Captioned web images:

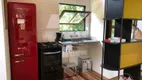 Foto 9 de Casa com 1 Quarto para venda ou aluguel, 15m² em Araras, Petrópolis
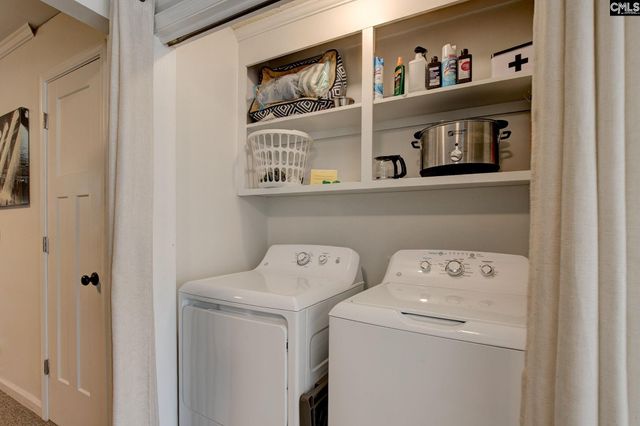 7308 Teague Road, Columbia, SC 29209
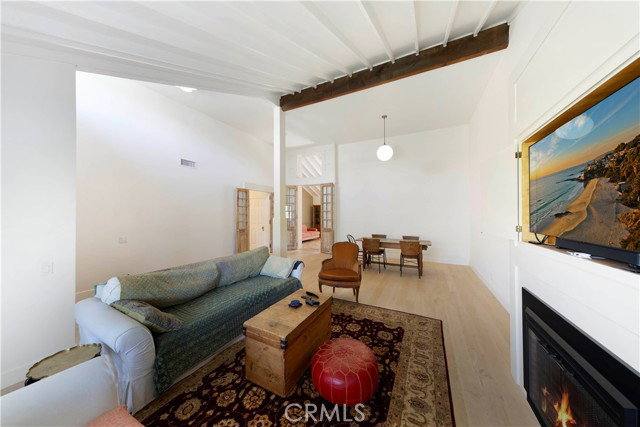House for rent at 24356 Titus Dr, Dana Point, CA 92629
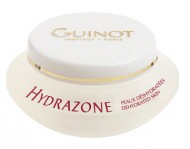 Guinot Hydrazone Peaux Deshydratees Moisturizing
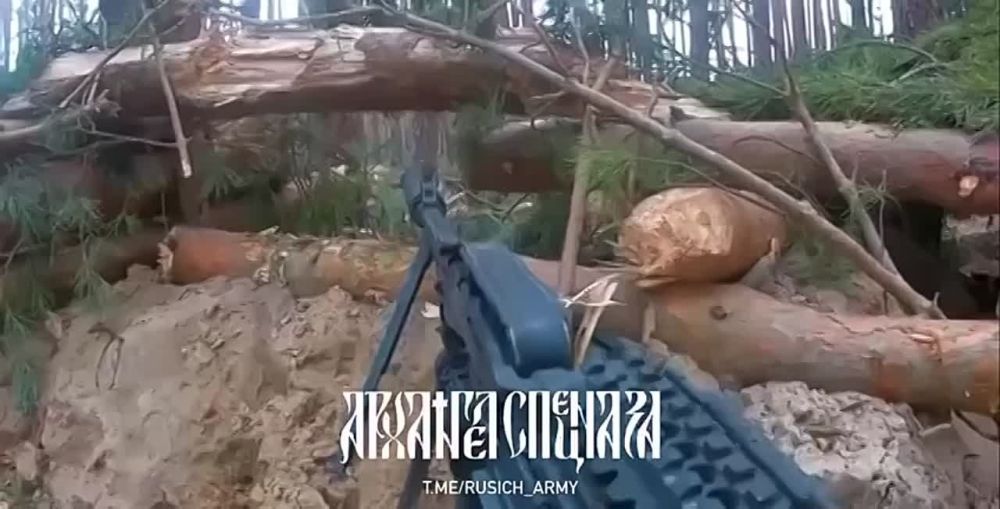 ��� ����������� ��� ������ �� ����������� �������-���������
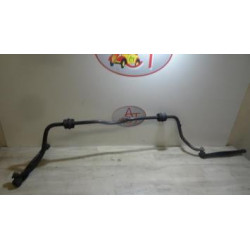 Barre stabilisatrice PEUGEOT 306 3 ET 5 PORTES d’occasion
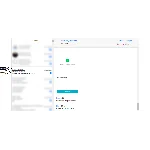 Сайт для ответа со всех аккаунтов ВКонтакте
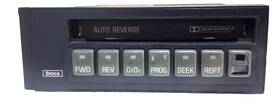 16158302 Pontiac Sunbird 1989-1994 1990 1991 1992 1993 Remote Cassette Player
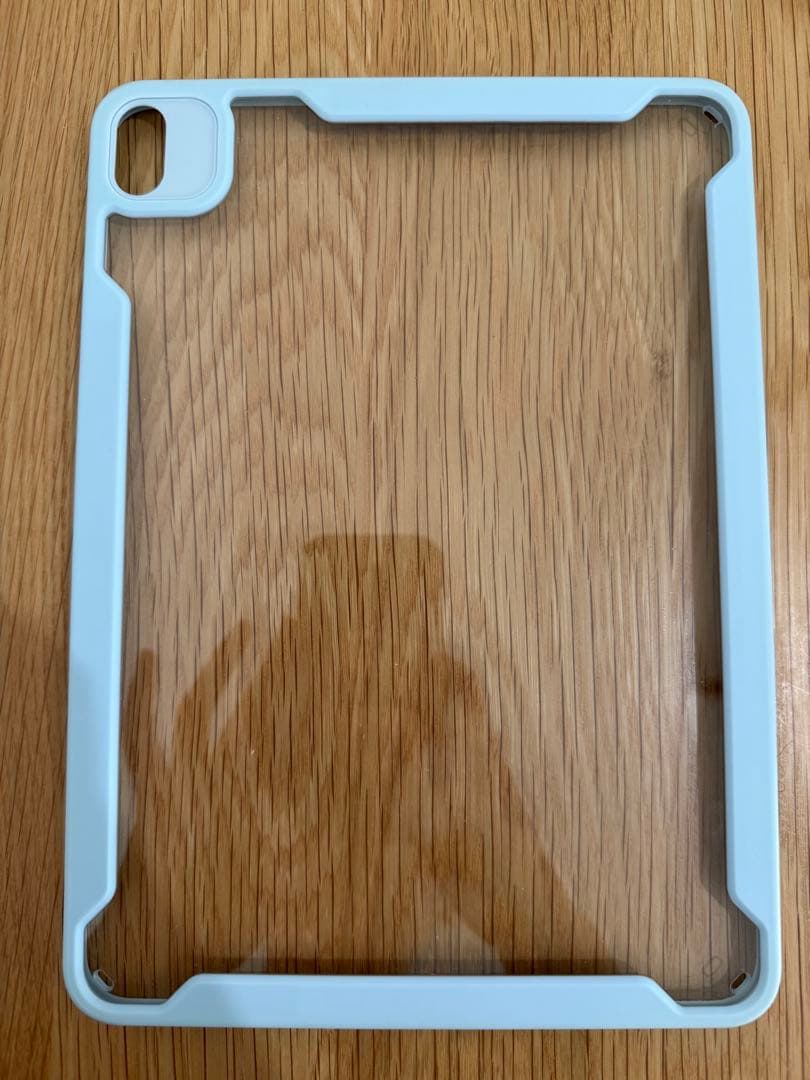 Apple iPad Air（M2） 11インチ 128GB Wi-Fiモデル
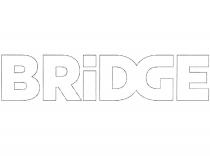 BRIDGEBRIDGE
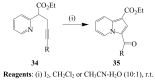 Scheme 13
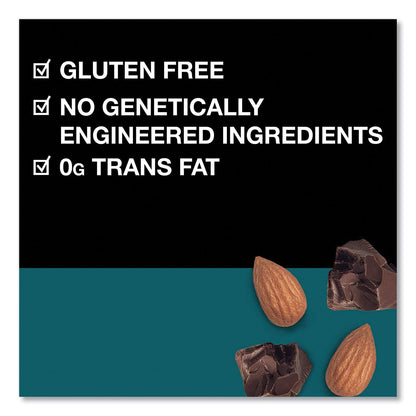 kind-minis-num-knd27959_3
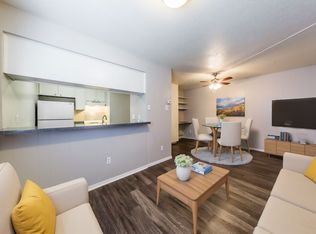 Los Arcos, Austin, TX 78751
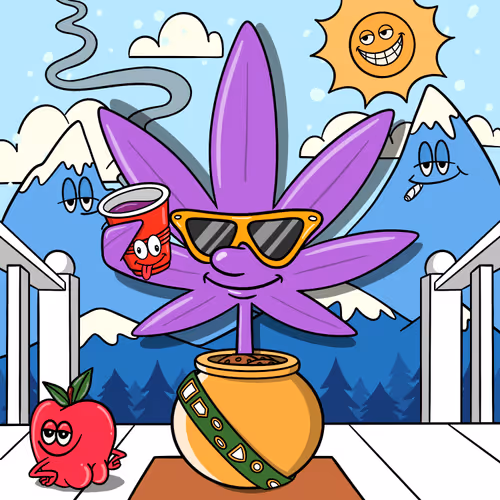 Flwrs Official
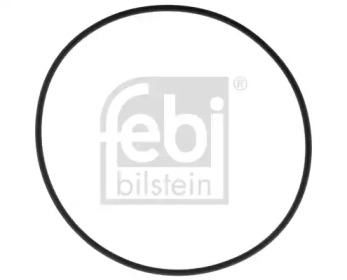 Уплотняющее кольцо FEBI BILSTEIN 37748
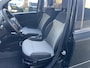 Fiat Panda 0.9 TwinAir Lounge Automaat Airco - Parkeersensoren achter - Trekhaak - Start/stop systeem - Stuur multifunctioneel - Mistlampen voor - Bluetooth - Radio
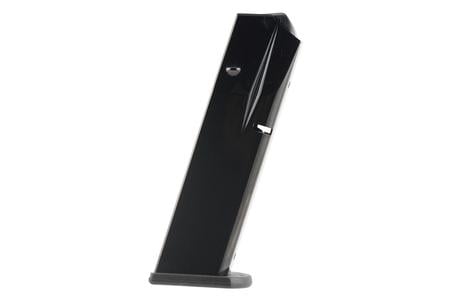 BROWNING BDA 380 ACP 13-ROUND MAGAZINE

YOUR OBJECTIVE: Exactly as written, restate the lines above from the opening line through the one holding "Сайт для ответа со всех аккаунтов ВКонтакте", omitting the pictures.

OUTPUT FOR THIS EXERCISE:
 Foto 9 de Casa com 1 Quarto para venda ou aluguel, 15m² em Araras, Petrópolis
 7308 Teague Road, Columbia, SC 29209
House for rent at 24356 Titus Dr, Dana Point, CA 92629
 Guinot Hydrazone Peaux Deshydratees Moisturizing
 ��� ����������� ��� ������ �� ����������� �������-���������
 Barre stabilisatrice PEUGEOT 306 3 ET 5 PORTES d’occasion
 Сайт для ответа со всех аккаунтов ВКонтакте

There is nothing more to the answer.